What makes Cape Town a unique example of factors that encourage urban sprawl is the Apartheid policies that created these patterns in the first place. For instance, the Natives Act of 1923, which declared the country’s urban areas officially “white,” and the 1950 Group Areas Act, which prevented blacks from owning land in “white” areas. “Apartheid legislation was intent on regulating the movement and settlement of non-white people in urban areas and resulted in people being pushed to the outskirts of urban areas,” according to the discussion paper. “The impact could be considered a form of accelerated, planned urban sprawl.” Today, Cape Town is having trouble undoing the land-use consequences of those long-ago decisions.
This is partly because, as a rising city in the continent’s economic powerhouse, Cape Town is caught between two competing interests: Undoing its Apartheid legacy, and courting developers who want to build there – or somewhere near there. The most glaring example of developers winning this battle is Wescape, a 7,660-acre planned community for 800,000 residents proposed to be built 15 miles from Cape Town proper.

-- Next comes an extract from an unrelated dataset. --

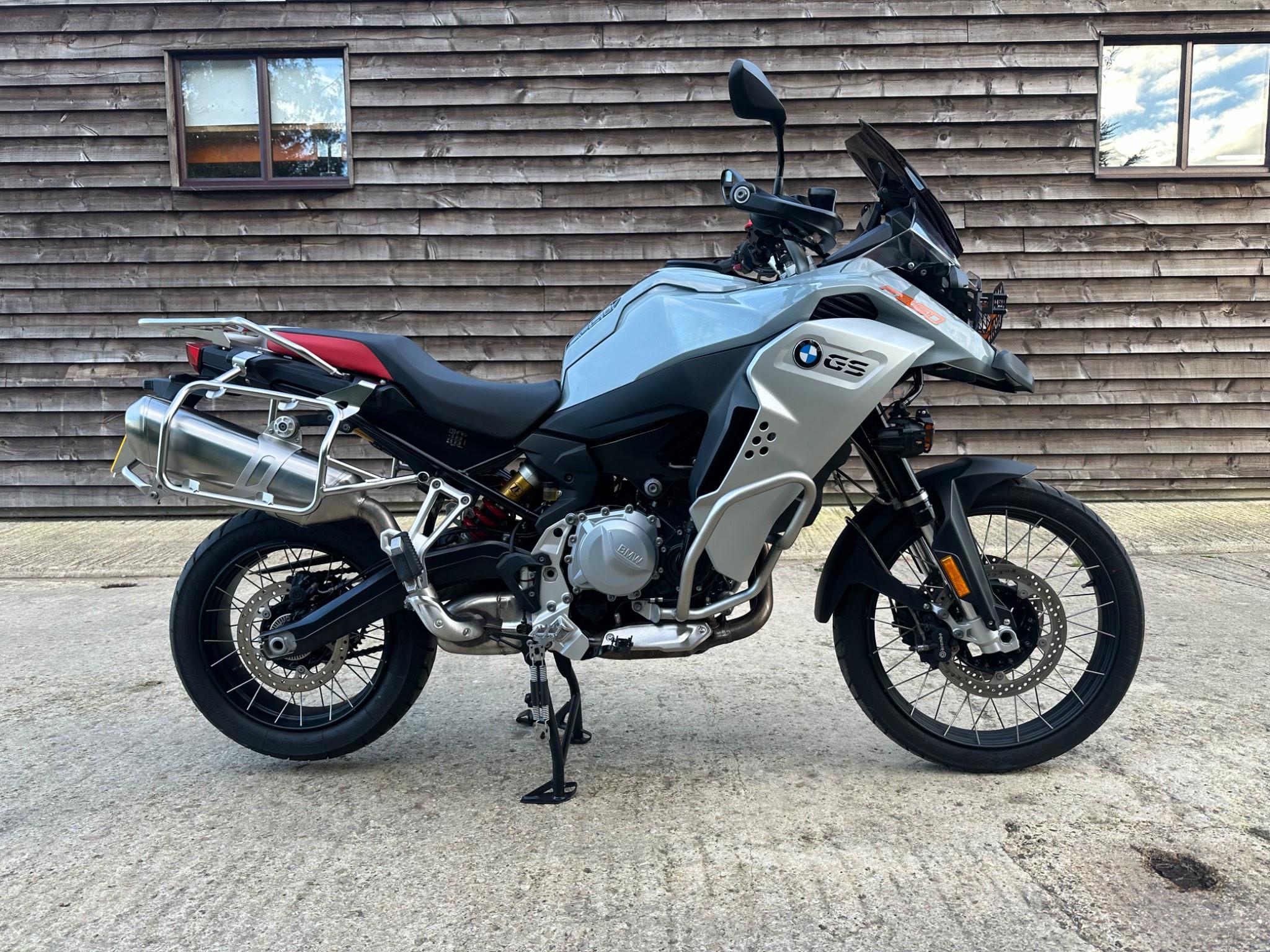 2020 BMW F850GS Adventure From £172.63 per month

This is beyond the urban edge, despite the fact that a study conducted by the city itself revealed there is enough land within the perimeter of the edge to accommodate growth until 2021. “Developments [like Wescape] are often pursued as a matter of political expediency rather than as a result of sensible planning,” says Rashiq Fataar, director of Future Cape Town.
This type of planned urban sprawl is reminiscent of how land use policies were used to segregate races during Apartheid, and indeed, could inadvertently create echoes of that type of segregation once again. Vanessa Watson, a professor of architecture at the University of Cape Town, has pointed out that Wescape’s plan to subsidize 25 percent of its housing helps cement the idea that the city center is for the well-off. By sending the poor to suburban enclaves, you isolate them “from informal work opportunities, higher order public services and people’s social networks – all critically part of the survival strategies of the poor. If these poor households had a choice it is extremely unlikely that they would choose to move to Wescape. If Wescape is approved – choice is removed – this is where much of the subsidy housing will go over the next couple of decades.” If that turns out to be the case, it’s not hard to guess who will occupy that far-flung subsidy housing — South Africa is a country where the poor population is still disproportionately black.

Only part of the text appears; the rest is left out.